Weight loss is a strange thing.
Wednesday, May 17, 2017
Weight loss is a strange thing. It’s one of the few losses in life that is celebrated. It’s a loss that is easily regained. It can completely define my feelings of worth. When I lose, I am happy. When I gain, I am ashamed and angry. I have control over weight loss (to some extent), but sometimes I feel more like it controls me.
If I tried to determine the percentage of my life that has been defined by my weight, I wonder if it would be comparable to others? For me, the percentage has to be extremely high. My weight is a real and tangible truth that is always with me, but far too often it’s a truth I try to escape from.
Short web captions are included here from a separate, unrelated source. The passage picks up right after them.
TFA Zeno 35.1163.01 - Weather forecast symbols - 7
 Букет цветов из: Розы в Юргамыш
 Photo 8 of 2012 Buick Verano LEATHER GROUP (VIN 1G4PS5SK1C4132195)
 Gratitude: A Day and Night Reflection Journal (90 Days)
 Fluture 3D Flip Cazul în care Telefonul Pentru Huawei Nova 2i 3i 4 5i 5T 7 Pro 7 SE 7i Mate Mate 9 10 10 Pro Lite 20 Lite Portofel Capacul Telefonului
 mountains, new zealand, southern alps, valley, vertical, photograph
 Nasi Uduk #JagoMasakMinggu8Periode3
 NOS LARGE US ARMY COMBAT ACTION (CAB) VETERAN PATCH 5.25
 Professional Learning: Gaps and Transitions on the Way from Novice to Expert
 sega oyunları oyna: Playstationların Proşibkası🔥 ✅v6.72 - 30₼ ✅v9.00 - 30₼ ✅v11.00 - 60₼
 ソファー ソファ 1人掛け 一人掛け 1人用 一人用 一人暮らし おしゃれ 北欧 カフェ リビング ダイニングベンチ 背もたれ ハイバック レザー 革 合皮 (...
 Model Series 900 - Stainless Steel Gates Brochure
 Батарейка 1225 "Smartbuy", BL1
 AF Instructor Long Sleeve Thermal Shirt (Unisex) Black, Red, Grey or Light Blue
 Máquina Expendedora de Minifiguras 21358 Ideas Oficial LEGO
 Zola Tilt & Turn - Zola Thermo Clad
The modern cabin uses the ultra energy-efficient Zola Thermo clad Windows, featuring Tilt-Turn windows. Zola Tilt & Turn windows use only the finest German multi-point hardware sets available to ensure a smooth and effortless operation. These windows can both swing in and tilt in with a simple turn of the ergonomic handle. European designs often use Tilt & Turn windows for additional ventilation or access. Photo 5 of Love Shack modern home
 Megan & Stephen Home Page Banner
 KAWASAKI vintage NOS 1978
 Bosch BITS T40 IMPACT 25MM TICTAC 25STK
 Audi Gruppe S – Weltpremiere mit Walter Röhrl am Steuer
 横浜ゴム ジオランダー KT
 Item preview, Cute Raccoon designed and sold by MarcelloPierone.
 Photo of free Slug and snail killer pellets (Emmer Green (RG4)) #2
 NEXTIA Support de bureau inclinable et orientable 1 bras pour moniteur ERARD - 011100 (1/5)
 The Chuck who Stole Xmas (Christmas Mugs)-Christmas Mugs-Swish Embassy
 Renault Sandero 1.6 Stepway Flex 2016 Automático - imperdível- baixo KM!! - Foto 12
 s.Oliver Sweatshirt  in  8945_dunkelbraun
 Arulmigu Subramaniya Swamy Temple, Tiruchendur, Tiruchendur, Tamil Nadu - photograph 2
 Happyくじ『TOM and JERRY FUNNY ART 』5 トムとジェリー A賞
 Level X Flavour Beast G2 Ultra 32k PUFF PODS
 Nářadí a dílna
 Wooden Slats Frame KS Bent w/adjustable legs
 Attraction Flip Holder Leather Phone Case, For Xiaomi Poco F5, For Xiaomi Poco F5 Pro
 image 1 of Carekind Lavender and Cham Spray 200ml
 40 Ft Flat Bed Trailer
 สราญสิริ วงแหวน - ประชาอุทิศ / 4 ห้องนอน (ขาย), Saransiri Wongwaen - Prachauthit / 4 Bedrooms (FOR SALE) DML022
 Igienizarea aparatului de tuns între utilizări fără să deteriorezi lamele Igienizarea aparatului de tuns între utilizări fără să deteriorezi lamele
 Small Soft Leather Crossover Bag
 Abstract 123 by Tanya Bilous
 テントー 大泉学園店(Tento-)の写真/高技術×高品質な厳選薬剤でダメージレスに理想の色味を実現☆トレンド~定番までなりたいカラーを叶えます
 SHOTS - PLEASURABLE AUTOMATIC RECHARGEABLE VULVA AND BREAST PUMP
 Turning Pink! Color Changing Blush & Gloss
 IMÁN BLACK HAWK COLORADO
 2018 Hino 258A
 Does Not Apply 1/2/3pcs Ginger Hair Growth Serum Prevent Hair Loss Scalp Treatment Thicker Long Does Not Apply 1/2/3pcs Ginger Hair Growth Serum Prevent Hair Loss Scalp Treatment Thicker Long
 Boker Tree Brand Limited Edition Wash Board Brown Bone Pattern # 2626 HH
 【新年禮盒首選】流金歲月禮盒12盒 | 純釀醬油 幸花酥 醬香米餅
Some days, months, years—my successes outweigh (ha, unintentional pun) my failures. Other days, months, years—I pretend I don’t know the truth of what is happening until I can’t avoid it any longer and I reach a turning point.
Today is a day I can’t avoid the truth any longer. I have consistently gained 10 pounds every year for the past 3 years. At this rate, I’ll be back to my highest weight when I’m in my mid-40s. Then what? I keep gaining? I start all over? I am determined to not let it get to that. My weight needs to be a truth that I recognize regularly. I can’t ignore it, pretend it doesn’t exist, and get mad when I’m reminded it does. All those clichés about balance are true. I’ll never be perfect, but I have to avoid extremes.
I’m reminded why I love sparkpeople so much. Around here, we focus on the positive, not the negative. My goal for the rest of May is to build on daily successes. I’ll check in again on June 1, if not sooner, to report on how it’s going!